:: YOUR TASK ::
All entries shown below must be given again word for word.

::: INPUT MATERIAL

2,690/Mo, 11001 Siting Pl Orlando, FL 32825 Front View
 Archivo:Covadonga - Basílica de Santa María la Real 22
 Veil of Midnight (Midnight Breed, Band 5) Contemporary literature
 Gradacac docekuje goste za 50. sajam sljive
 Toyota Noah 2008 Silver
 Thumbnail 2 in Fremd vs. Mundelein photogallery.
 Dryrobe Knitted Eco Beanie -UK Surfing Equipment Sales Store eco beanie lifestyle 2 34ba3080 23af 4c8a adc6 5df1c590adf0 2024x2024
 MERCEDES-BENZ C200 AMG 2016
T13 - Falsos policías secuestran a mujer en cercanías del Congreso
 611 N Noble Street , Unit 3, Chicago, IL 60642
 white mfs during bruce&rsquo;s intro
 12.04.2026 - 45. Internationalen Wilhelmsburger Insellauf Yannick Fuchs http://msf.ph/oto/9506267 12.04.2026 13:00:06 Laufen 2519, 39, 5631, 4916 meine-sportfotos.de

::::::

:: SOLUTION TO THIS TASK ::
2,690/Mo, 11001 Siting Pl Orlando, FL 32825 Front View
 Archivo:Covadonga - Basílica de Santa María la Real 22
 Veil of Midnight (Midnight Breed, Band 5) Contemporary literature
 Gradacac docekuje goste za 50. sajam sljive
 Toyota Noah 2008 Silver
 Thumbnail 2 in Fremd vs. Mundelein photogallery.
 Dryrobe Knitted Eco Beanie -UK Surfing Equipment Sales Store eco beanie lifestyle 2 34ba3080 23af 4c8a adc6 5df1c590adf0 2024x2024
 MERCEDES-BENZ C200 AMG 2016
T13 - Falsos policías secuestran a mujer en cercanías del Congreso
 611 N Noble Street , Unit 3, Chicago, IL 60642
 white mfs during bruce&rsquo;s intro
 12.04.2026 - 45. Internationalen Wilhelmsburger Insellauf Yannick Fuchs http://msf.ph/oto/9506267 12.04.2026 13:00:06 Laufen 2519, 39, 5631, 4916 meine-sportfotos.de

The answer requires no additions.